I left “Dunkirk” with the word “liminality” on the tip of my tongue. The idea of the liminal space has always intrigued me. A liminal space is that ambiguous disorientation that comes when you exist in that middle ground, uncertain of what comes, or what to do next. It’s a good concept to keep in mind when thinking of Christopher Nolan’s films, generally, and “Dunkirk” in particular, given his penchant for thrusting his audiences, almost always, in the midst of a world that wallows in the liminal.
The key narrative strategy of “Dunkirk” betrays this disposition, presenting us with a story told through muddled timelines on land, sea and in the air. We have three timelines exploring the ways that the British soldiers dealt with the colossal retreat from Dunkirk while under siege from the Germans. But it’s not just three timelines, but three timelines of different lengths–a week, a day and an hour–which are all racing towards (and away from) each other. “Dunkirk” is not an especially narrative film but this strategy is responsible for the film’s narrative panache.
No one, not even his greatest fans, would call Nolan an actor’s director. His interests have always been in macro incidences and striking set-pieces. Although I’m not sure I can commit to “Dunkirk” as his best film (hat-tip to the undervalued “The Prestige”), it is the film that most explicitly represents his disinterest in his actors as anything beyond a means to an end. And, Nolan is not necessarily wrong for this approach in “Dunkirk.” Exploring the horrors of war as a theme does not necessarily require actors to be the centre of any tableau. Nolan’s directorial vision is one of detachment and “Dunkirk” observes all its characters from a distance. They are simply part of a larger milieu that says, ‘Look at this chaos. Look at what war has done.’ And for “Dunkirk,” these ciphers are all expendable.

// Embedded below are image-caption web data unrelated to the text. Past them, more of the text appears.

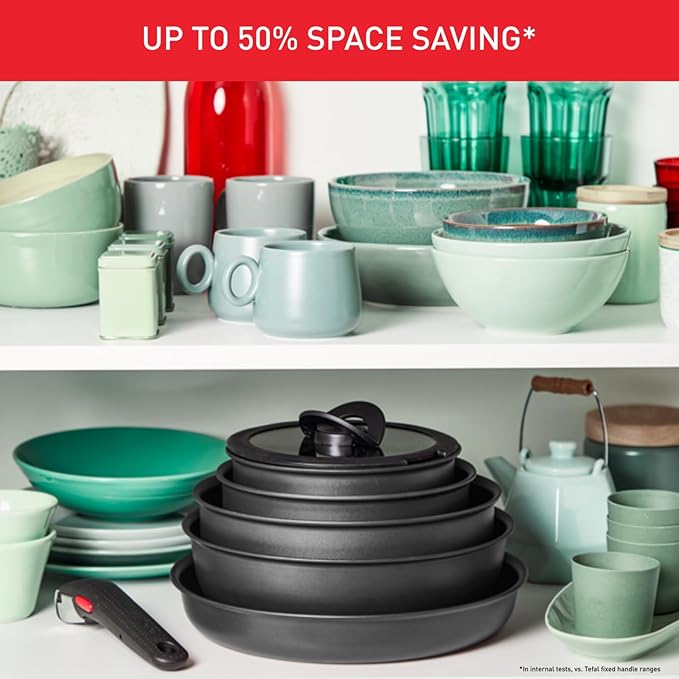 Tefal Ingenio Daily Chef ON 8 piece Non-Stick Induction Pan Set 22&amp24&amp28cm Frypans 16&amp20cm Saucepans 16&amp20cm Hermetic Lids Bakelite Removable Handle Grey L7619202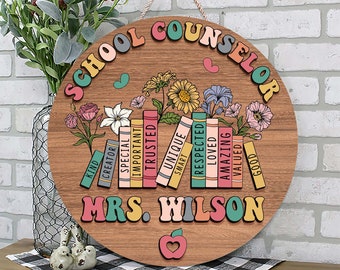 School Counselor Office Sign, Psychologist Office Decor, Personalized 3D School Counselor Door Hanger, Back to School, Counselor Gifts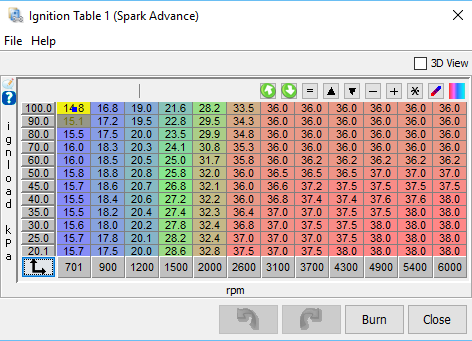 Initial spark advance table, as generated with the tool described above.
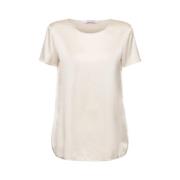 Max Mara Satin Siden Beige Tee Shirt Beige, Dam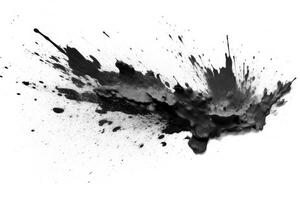 Abstract black in splash, paint, brush strokes, stain grunge isolated on white background, Japanese style with . photo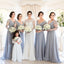 Charming See Through Long Sleeves V Neck Cheap Long Wedding Party Bridesmaid Dresses, WG309 - Wish Gown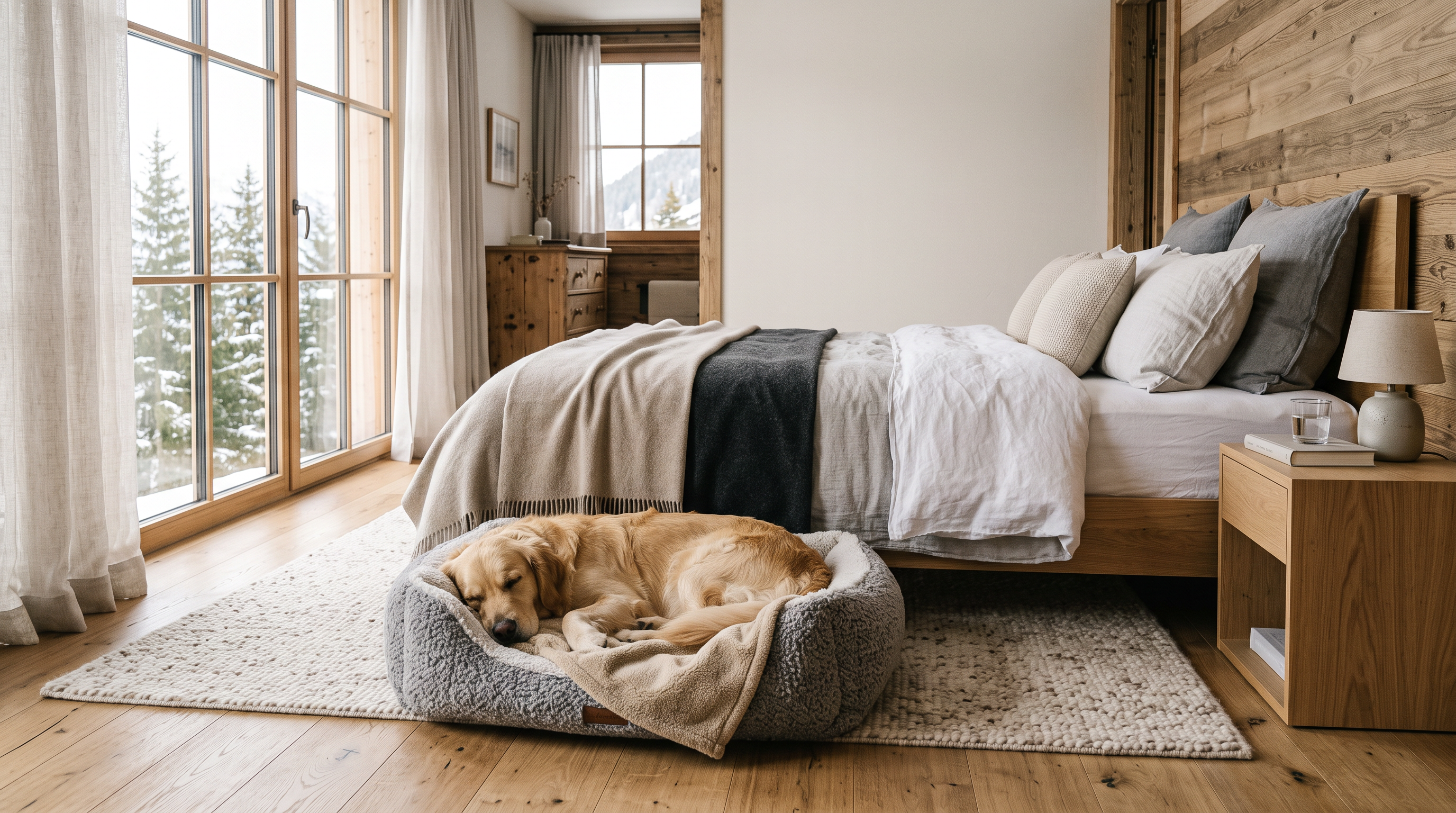 Hund schläft im eigenen Hundebett neben dem Bett im Schlafzimmer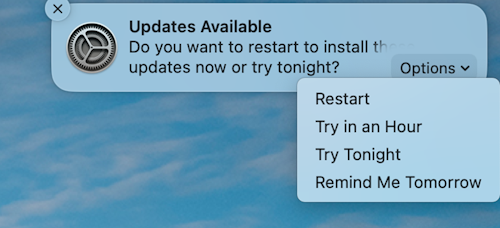 Пример уведомления о том, что на устройстве Apple macOS доступно обновление.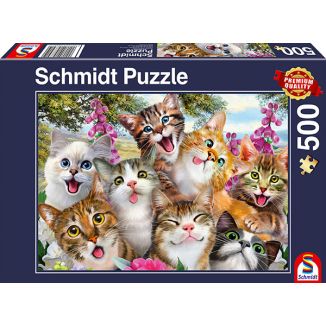 Vorderseite der Verpackung vom Artikel 58391, Katzen-Selfie, 500 Teile Puzzle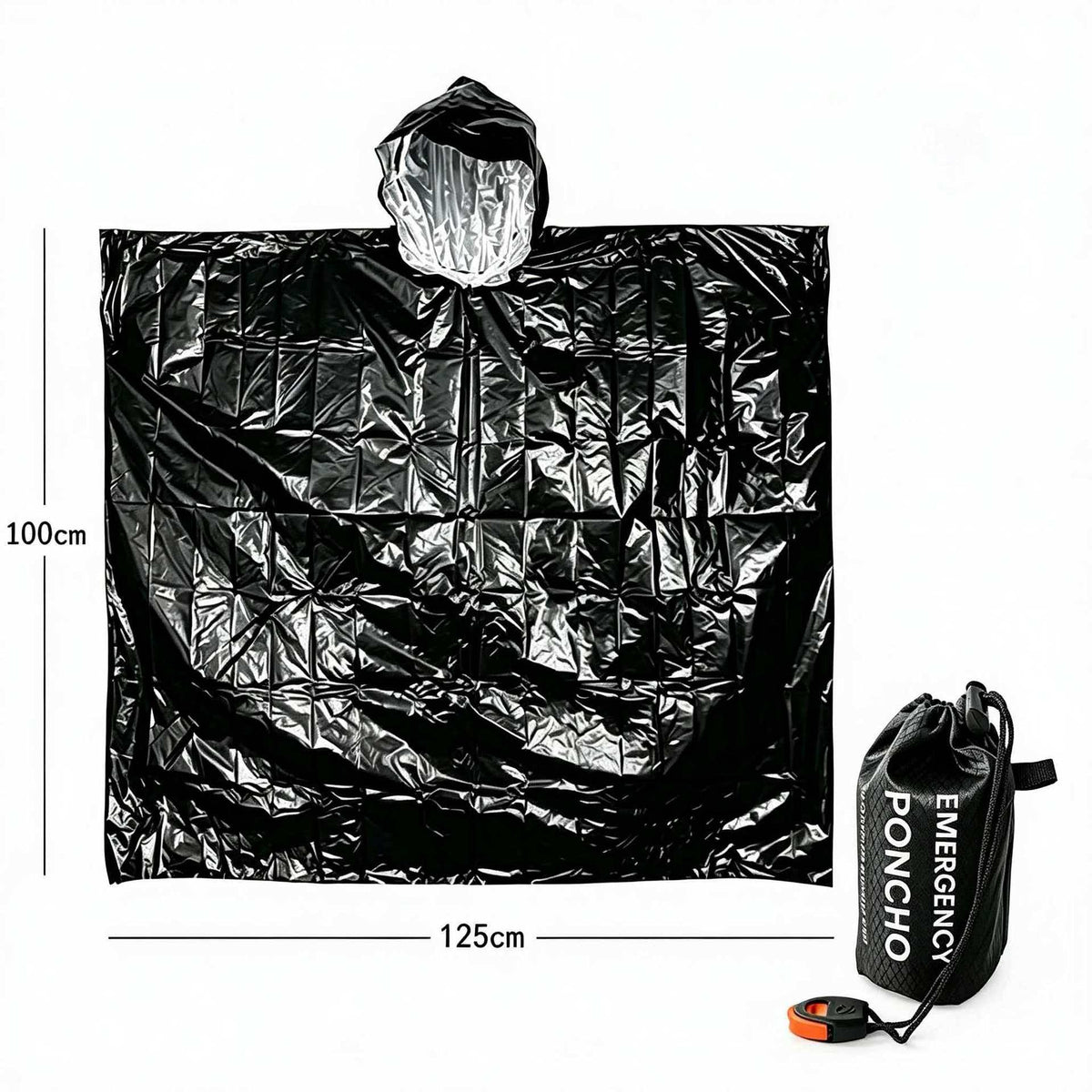 Emergency Ponchos Raincoat with Whistle Blanket Reversible for Sport Outdoor Camping Hiking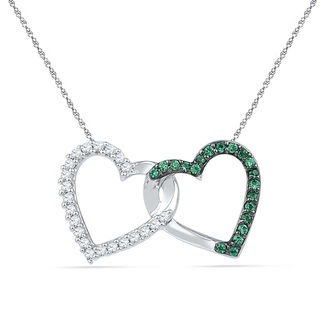 0.16 CT. T.W. Enhanced Green and White Diamond Interlocking Hearts Necklace in Sterling Silver - 17"|Peoples Jewellers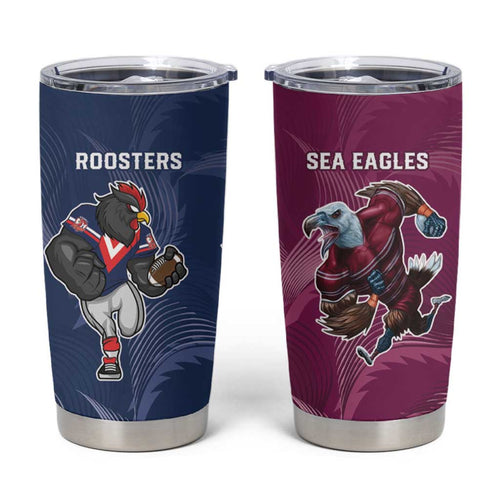 Roosters-Sea Eagles Rugby Custom Tumbler Cup Half Grunge Style
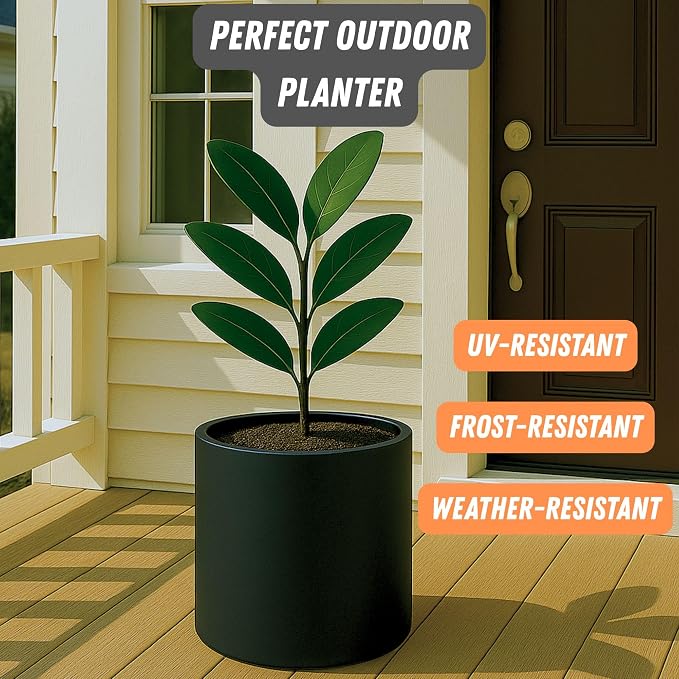 Fox & Fern Large Planter for Indoor or Outdoor, Matte Black, 12 Inch | UV & - Image 5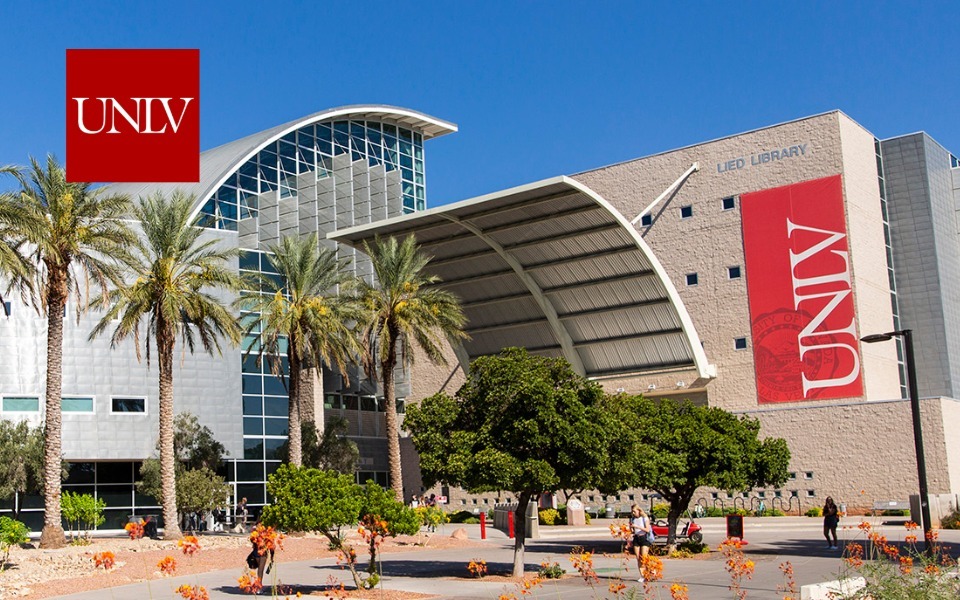 UNLV campus with logo UNLV campus with logo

It’s why conversations on the inclusive or exclusive nature of the film have been complicated for me. The Guardian published a piece this week about the film’s lack of African and Indian faces, and the argument makes sense. Still, “Dunkirk” is not a movie about expansiveness or a movie about inclusivity, it’s a movie about blinkered focus that is told with blinkered focus. Despite Nolan’s claims that he has been culling this story for some time, the film reveals a director’s intent more than a screenwriter’s (he wrote and directed the film). “Dunkirk” is a director’s symphony that is hardly indebted to its script. Even the most resounding praise-song to it should and must bear this in mind. Certainly, turning those ciphers into ciphers of colour or of another nationality would not damage the film’s blinkered focus. But then it would not improve it either. To be expansive about all those who were at Dunkirk would be to value context, and context is something which “Dunkirk” sharply avoids. The intertitle crawl at the beginning is as sparing as it could be. The aerial shots of the beach under siege (Hoyte Van Hoytema’s photography is gorgeous and compelling) confound more than reveal. “Dunkirk” relishes its decontextualised focus. The film that Nolan presents to us only works with as little context as possible, otherwise the experiment is upended and the focus moves to the things that it lacks and not the thing that it actually produces.
And, generally, I wouldn’t indict Nolan for not focussing on character. The first rule of criticism is critique what is presented to you, not what you want to be presented. And, even as everything in “Dunkirk” eschews character-focused sentiment, the film’s resolution gives me pause. For when the disparate strands comes together and the film hurtles towards its resolution, everything on screen seems to be calling for us to meet the situation with the gratitude of the soldiers. And although we are happy that the chaotic onslaught has ceased, the cheerfulness of the accompanying music (Hans Zimmer’s score has been polarising but I loved it) is not given enough context for us to really respond to it as resoundingly as it urges us to. Look to the last shot for my dilemma. Nolan ends the film on a face and not on an object but the film before that significant end has been more interested in the things and the macros than the faces and the micros. And as good as “Dunkirk” manages to be, the more it settles I can’t help thinking: This is really good. But, surely, there should be something more?
“Dunkirk” succeeds on the most visceral of levels–the film is striking, it is compelling and at the end of it, I was satisfied with what it deigned to do. There’s an irony at its centre, though. The lack of interest in any character as a person makes it more cerebral than emotional. However, its focus on war as something like sensory overload but without any overarching thesis statement beyond “Look, chaos,” makes it come off as decidedly anti-intellectual. “Dunkirk” leans in on all the things Nolan likes: frenetic editing, well produced technical aspects, and a storyline that reads like a puzzle. The result is a film that affects but never charms, a solid film but also a brittle one. Certainly, its vision of history is compromised by its blinkered vision but no one said that war is supposed to be fair or easy to figure out. Nolan, with his ambivalent directorial distance, is happy to leave us in the liminal space to draw our own conclusions.